For many years, gardenia bushes could only be successfully grown in landscapes in U.S. Department of Agriculture hardiness zones 9 and 10, but new hybrid gardenias are now available that are hardy to USDA zone 7b. With attractive, glossy, dark green foliage and intoxicating aromatic flowers, gardenia bushes are often planted near windows, entries and patios to take advantage of the appealing fragrance.
Native to Japan, evergreen azaleas are an ideal companion to gardenia bushes in your landscape. Both plants grow well in a more acidic soil with a pH value of 3.7 to 6.5, bloom in the spring and early summer and thrive in moist soil and partial shade. The vivid clusters of azalea flowers in shades of pink, red, yellow or white make a striking contrast to the delicate white or cream-colored flowers of the gardenia.
Like evergreen azaleas and gardenia bushes, camellia shrubs thrive in similar growing environments. Camellia foliage resembles the gardenia foliage with glossy dark green leaves, but the flowers of the camellia are much showier. Depending on the camellia variety you plant, the bush can bloom in fall, winter or spring and be covered with large bright blossoms in colors ranging from light pink to deep red that will continue to bloom for several weeks.
Masterwort, also known as astrantia, is a shade-loving perennial that grows to 1 to 2 feet high with striking and unique flowers in white, shades of pink and dark red, and it has foliage that offers a textural contrast to the gardenia shrub. Masterwort plants will thrive in soil of any pH, as long as it is in partial shade and moist soil. The flowering time of masterwort is long lasting from summer into fall.

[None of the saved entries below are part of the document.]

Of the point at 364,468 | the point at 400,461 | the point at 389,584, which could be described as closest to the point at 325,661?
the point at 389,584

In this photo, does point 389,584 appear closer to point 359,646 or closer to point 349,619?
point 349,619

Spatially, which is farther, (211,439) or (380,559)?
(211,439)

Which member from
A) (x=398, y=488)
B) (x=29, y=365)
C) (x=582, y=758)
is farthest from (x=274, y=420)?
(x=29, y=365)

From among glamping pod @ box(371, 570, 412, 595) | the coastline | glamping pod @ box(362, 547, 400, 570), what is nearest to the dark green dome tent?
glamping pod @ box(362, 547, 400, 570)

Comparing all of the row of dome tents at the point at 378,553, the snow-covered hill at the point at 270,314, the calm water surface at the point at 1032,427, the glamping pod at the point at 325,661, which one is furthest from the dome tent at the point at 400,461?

Sweet marjoram plants are often used as companion plants to gardenia bushes to confuse and dissuade harmful insects and bugs. Sweet marjoram has an intense aroma, as do the gardenia blossoms, though of a different scent. It is used as a companion plant to gardenias as a pest repellent to mask the scent of the gardenia flower, thus repelling harmful pests like aphids, flower thrips and scale insects that are attracted to the flower's fragrance.